Works for me.  Pondering it more, the timestamp that matters most for archive
purposes is the timestamp at which list subscribers started to receive their
copies of the message.  Based on that, I'm thinking we should ignore the Date
header and always use the timestamp from a particular "Received ... by
HOSTNAME.postgresql.org" header.  Before settling on that, I'd want to check
how many messages change timestamp by more than ~100s, and I'd want to spot
check a few messages to see whether the change looks like an improvement.


Re: Post-2018 messages in archives

From
Tom Lane
Date:
Noah Misch <noah@leadboat.com> writes:
> On Wed, Dec 05, 2018 at 09:39:18AM +0100, Magnus Hagander wrote:
>>> Unfortunately we don't keep the ingest time separately.
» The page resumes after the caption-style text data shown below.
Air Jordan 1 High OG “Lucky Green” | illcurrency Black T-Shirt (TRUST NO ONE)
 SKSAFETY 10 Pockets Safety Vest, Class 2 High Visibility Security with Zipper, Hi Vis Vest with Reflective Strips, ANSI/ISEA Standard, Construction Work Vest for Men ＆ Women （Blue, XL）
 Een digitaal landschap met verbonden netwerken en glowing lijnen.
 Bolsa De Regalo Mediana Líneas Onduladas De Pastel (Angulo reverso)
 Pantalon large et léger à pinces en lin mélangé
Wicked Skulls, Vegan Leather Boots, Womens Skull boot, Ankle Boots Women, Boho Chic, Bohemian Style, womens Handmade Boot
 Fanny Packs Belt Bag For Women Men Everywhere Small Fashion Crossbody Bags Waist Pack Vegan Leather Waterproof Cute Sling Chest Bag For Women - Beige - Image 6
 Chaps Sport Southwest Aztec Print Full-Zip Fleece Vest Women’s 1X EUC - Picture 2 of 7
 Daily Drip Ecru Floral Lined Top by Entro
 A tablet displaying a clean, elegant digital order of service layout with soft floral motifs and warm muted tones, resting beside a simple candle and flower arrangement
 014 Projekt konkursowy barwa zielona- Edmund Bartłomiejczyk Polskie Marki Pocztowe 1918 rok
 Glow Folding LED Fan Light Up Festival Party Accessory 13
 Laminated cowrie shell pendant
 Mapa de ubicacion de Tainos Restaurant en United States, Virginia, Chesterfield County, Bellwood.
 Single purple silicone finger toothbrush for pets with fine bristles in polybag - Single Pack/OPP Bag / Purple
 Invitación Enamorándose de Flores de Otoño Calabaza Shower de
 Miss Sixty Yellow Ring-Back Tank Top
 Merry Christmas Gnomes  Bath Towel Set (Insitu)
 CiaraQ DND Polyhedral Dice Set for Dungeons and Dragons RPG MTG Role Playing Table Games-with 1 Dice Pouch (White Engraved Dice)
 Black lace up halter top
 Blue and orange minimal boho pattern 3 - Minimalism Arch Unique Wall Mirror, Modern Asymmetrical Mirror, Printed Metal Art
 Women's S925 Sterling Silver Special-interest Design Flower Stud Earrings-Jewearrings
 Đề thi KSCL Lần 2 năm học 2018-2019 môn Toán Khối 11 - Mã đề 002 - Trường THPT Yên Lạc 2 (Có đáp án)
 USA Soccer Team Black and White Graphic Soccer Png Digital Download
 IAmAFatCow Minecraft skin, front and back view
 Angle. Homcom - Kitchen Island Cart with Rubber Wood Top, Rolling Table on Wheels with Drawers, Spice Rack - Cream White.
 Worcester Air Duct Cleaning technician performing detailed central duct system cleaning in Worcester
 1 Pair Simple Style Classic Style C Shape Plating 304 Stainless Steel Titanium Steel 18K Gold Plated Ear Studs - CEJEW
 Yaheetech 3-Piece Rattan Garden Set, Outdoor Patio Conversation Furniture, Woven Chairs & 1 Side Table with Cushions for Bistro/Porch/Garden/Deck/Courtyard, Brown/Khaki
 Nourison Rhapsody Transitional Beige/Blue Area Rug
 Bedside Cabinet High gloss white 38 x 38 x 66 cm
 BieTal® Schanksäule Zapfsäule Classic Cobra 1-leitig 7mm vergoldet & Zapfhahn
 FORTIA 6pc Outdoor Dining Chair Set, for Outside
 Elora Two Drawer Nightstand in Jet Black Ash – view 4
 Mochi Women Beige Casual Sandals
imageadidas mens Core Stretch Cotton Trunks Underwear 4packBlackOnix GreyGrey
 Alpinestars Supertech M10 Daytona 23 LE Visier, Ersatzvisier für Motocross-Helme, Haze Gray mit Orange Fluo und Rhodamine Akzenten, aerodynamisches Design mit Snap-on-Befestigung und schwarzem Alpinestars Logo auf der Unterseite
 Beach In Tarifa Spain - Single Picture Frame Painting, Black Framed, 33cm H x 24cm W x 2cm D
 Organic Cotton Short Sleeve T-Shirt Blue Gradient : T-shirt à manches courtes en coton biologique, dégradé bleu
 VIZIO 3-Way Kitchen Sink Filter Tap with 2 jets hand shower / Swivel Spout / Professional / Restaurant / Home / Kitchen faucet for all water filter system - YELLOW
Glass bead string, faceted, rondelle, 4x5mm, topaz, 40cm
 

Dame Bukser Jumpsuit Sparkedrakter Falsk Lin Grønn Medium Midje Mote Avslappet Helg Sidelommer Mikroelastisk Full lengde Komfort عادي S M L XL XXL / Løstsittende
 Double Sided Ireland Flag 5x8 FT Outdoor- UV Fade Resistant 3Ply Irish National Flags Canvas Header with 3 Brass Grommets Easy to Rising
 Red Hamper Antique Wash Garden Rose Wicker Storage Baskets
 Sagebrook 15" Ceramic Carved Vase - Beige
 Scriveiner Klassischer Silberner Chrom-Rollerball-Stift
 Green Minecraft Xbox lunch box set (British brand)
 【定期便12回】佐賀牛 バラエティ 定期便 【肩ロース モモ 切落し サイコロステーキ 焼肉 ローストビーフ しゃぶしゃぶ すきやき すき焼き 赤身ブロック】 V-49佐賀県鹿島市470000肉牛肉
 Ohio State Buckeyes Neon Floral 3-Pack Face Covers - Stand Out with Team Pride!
But for the future,
>>> doing so would probably be a good idea, for other reasons as well.

> Works for me.  Pondering it more, the timestamp that matters most for archive
> purposes is the timestamp at which list subscribers started to receive their
> copies of the message.  Based on that, I'm thinking we should ignore the Date
> header and always use the timestamp from a particular "Received ... by
> HOSTNAME.postgresql.org" header.  Before settling on that, I'd want to check
> how many messages change timestamp by more than ~100s, and I'd want to spot
> check a few messages to see whether the change looks like an improvement.

Another point worth considering here is moderation queue delays, which
are not infrequently measured in days :-(.  I am not quite sure whether
it'd be better to tag a moderation-delayed message with the timestamp
when it entered the queue or the time when it exited.  But either one
would be better than believing the Date: header.

            regards, tom lane


Re: Post-2018 messages in archives

From
Noah Misch
Date:
On Wed, Dec 05, 2018 at 11:31:39PM -0500, Tom Lane wrote:
> Noah Misch <noah@leadboat.com> writes:
> > On Wed, Dec 05, 2018 at 09:39:18AM +0100, Magnus Hagander wrote:
> >>> Unfortunately we don't keep the ingest time separately. But for the future,
> >>> doing so would probably be a good idea, for other reasons as well.
> 
> > Works for me.  Pondering it more, the timestamp that matters most for archive
> > purposes is the timestamp at which list subscribers started to receive their
> > copies of the message.  Based on that, I'm thinking we should ignore the Date
> > header and always use the timestamp from a particular "Received ... by
> > HOSTNAME.postgresql.org" header.  Before settling on that, I'd want to check
> > how many messages change timestamp by more than ~100s, and I'd want to spot
> > check a few messages to see whether the change looks like an improvement.
> 
> Another point worth considering here is moderation queue delays, which
> are not infrequently measured in days :-(.  I am not quite sure whether
> it'd be better to tag a moderation-delayed message with the timestamp
> when it entered the queue or the time when it exited.  But either one
> would be better than believing the Date: header.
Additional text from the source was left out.